### What to work on
Pictures stay out of the answer, but every line of the material must be restated exactly.

### Available data
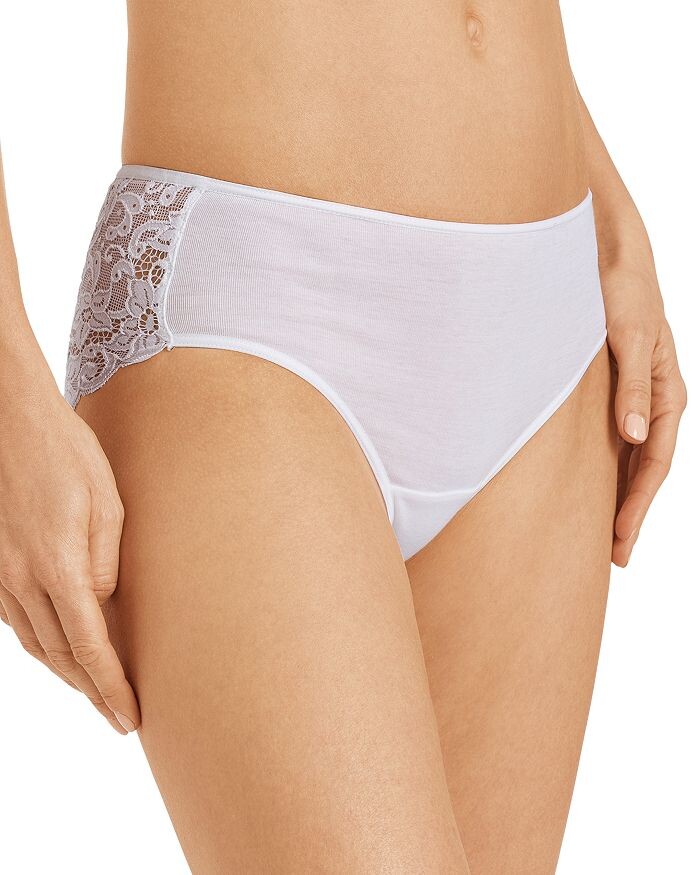 

Брифы с высоким вырезом Luxury Moments Hanro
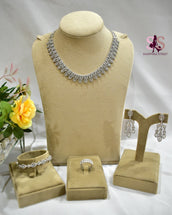 Timeless Elegance Set 1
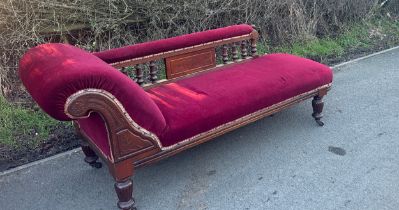 Edwardian chaise lounge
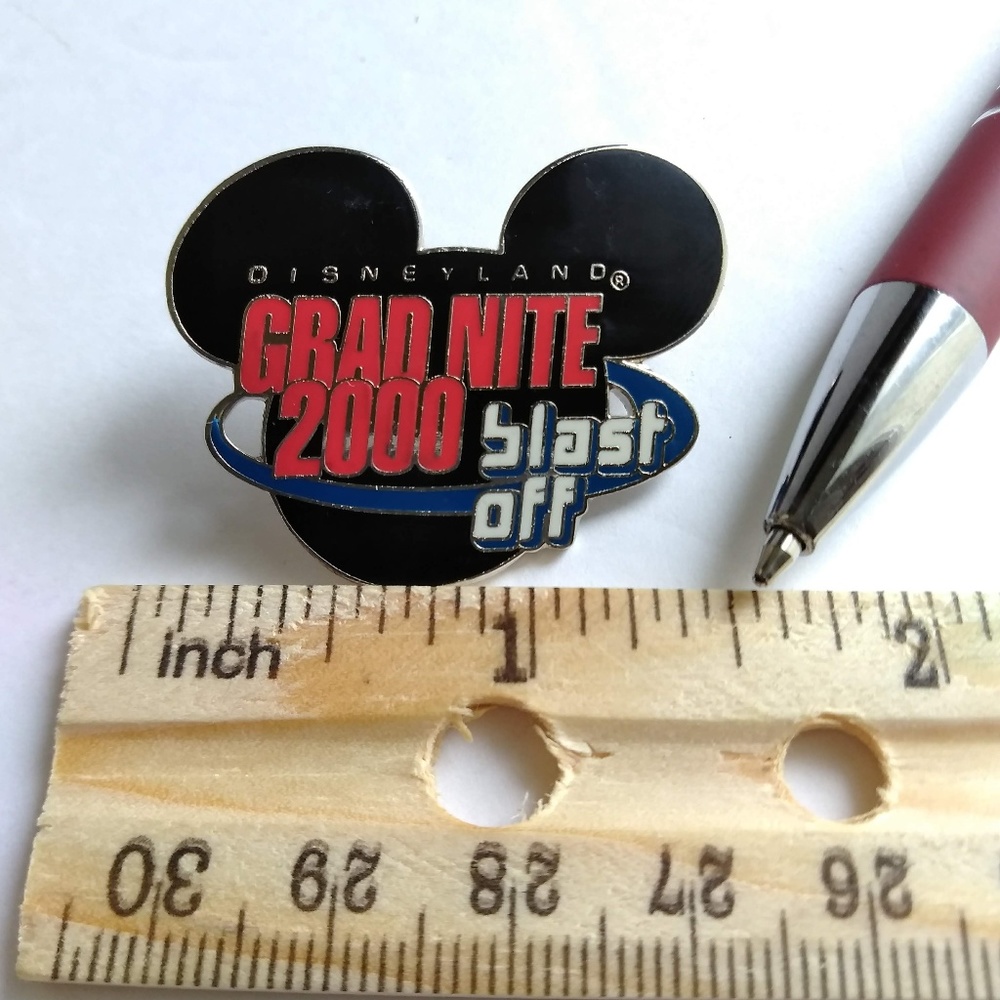 Disney Pin Disneyland Grad Night 2000 Mickey Ears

### Problem solution
Брифы с высоким вырезом Luxury Moments Hanro
 Timeless Elegance Set 1
 Edwardian chaise lounge
 Disney Pin Disneyland Grad Night 2000 Mickey Ears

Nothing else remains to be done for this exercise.